Imbert: 2024 revenue may be $3b less than projected

The content originally appeared on: Trinidad and Tobago Newsday

Colm Imbert –

FINANCE Minister Colm Imbert says the projected revenue which TT could receive this year may be $51 billion, $3 billion less than the figure which was projected when he presented the 2023/2024 budget in Parliament last October.

While this means government needs to be more prudent with its expenditure over the next one to two years, Imbert was confident the situation would improve between 2026 and 2027.

He made those comments on Friday when he opened debate on a motion in the House of Representatives to approve a report of the House’s Standing Finance Committee to supplement the budget by $2.3 billion.

Among the major supplementations the committee approved were $570,900,000; $155,677,500; $527,800,000; $495, 286, 000 and $144,200,000 for the ministries of Energy, Works and Transport, Public Utilities, Health and Education respectively.

The committee also approved a $50 million increase in funding for the Tobago House of Assembly (THA).

Imbert reminded MPs that when the budget was presented last October, it was based on oil and natural gas prices of US$85 per barrel and US$5 per mmbtu respectively.

The budget’s projected revenue, expenditure and fiscal deficit at that time were $54.012 billion, $59.209 billion and $5.197 billion respectively.

He said between then to now, there have been fluctuations in the prices of oil and natural gas.

“When one looks at the adjustments that we have to make. We are now projecting a lower figure for the revenue because we have to be pragmatic.”

Imbert said, “We expect a decrease in revenue down to $51 billion because we have some one-off streams of revenue. A source of revenue that we are planning. We are not sitting back and just relaxing. We have other ways of raising revenue.”

But he added, “With this $2.3 billion supplementation, the net effect is $5.3 billion. So when you add the $5.3 (billion) to the original $5.2 (billion-deficit), we are looking at a deficit of somewhere over $9 billion for fiscal 2024.”

Imbert gave the assurance that “as has happened in many other years, the Ministry of Finance will continue to try and control expenditure within reason of course.”

Notwithstanding these issues, he continued, “We in this government believe that this reduction in revenue is not permanent.”

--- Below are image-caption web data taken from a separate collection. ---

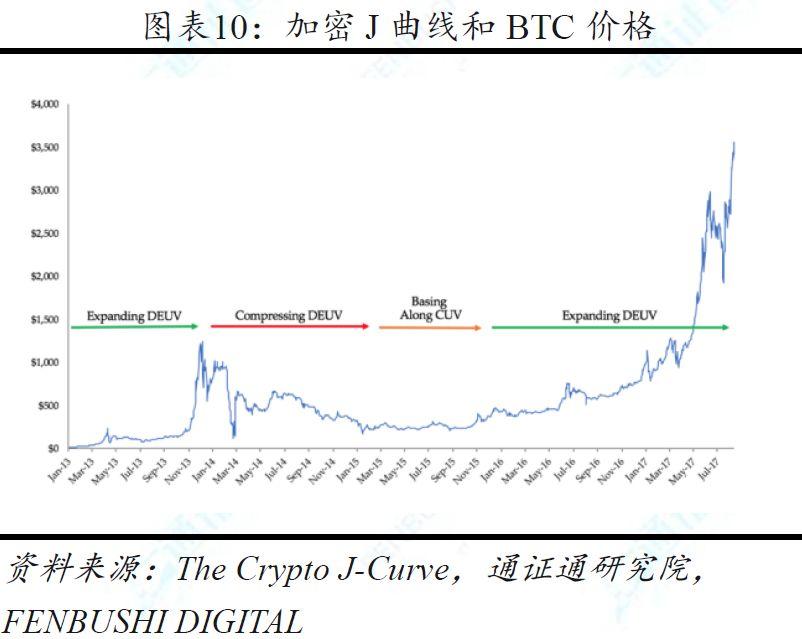 兼具多种资产属性的加密货币,11 种估值方法中哪种最为合理?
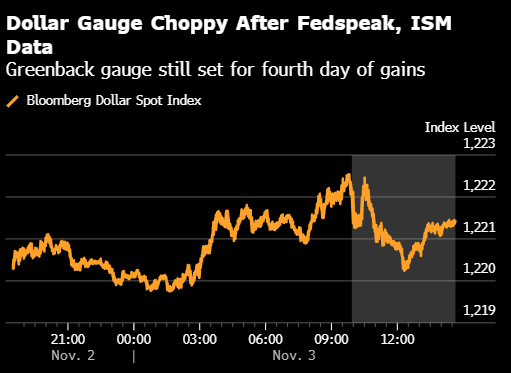 美元走强 美联储官员发表鹰派言论而数据疲软
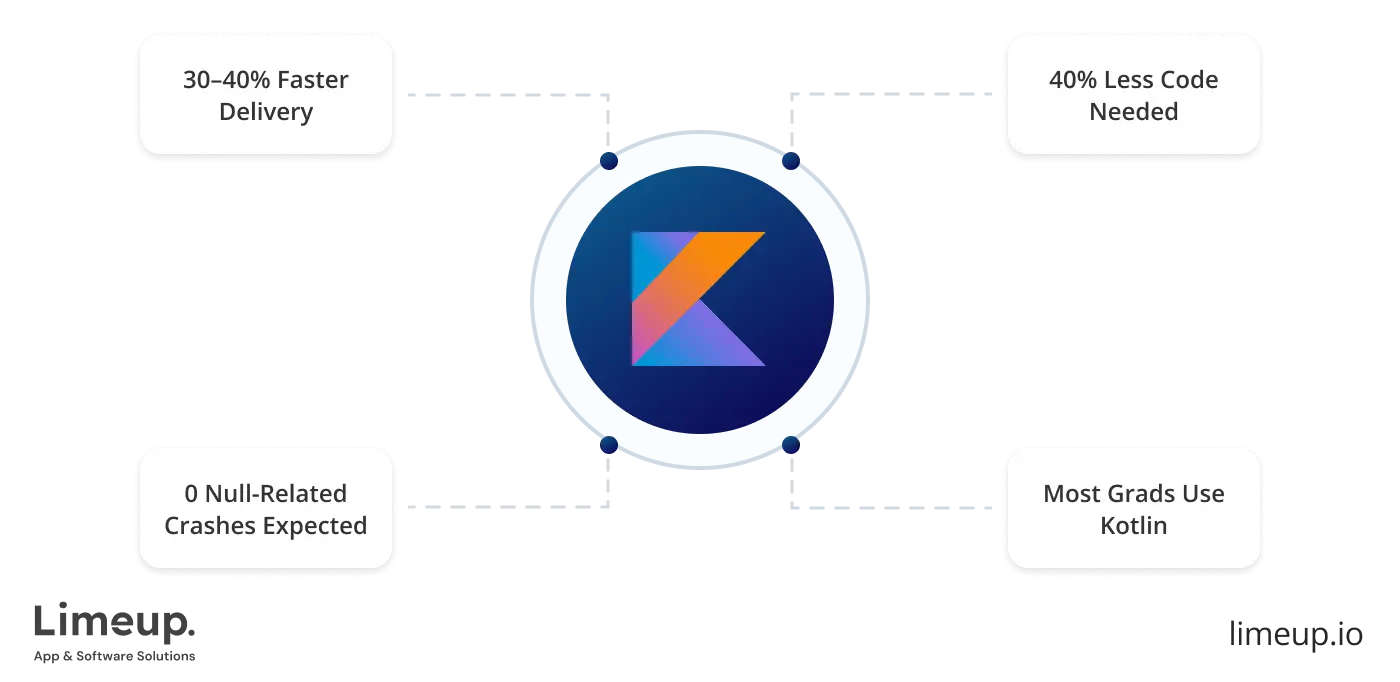 Kotlin Features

Imbert said because of “all the foreign policy initiatives and the foreign co-operation, both at the corporate level and at the country level, we expect that this situation will be reversed in or around 2026 to 2027, in terms of the volumes of natural gas that will become available to our processing plants here in TT.”

He added, “What it does mean, however, that for the next year or two, we have to be quite careful in how we manage our expenditure.”

Referring to the International Monetary Fund ‘s (IMF) country report issued on June 5, which said the TT economy was at its strongest level in a decade, Imbert said the country, under the PNM, had never dodged IMF Article IV consultations which all IMF members were obliged to undertake.

“We are not afraid. We are extremely transparent.”

Imbert told MPs that under the IMF’s Article 8 provisions, its member states must not maintain a fixed exchange rate.

Owing to TT having a managed exchange rate, Imbert said the country had not breached Article 8 unlike other countries in the region.

He repeated that government had no intention the intention to devalue the TT dollar as that would cause tremendous hardship for the poor people in the population “who have to buy food and other essentials.”

Imbert said many people were quietly hoarding US dollars in the hope that a devaluation happened.

“So for all those who are hoarding US dollars overseas and figure you could force this government to devalue the dollar, think again.”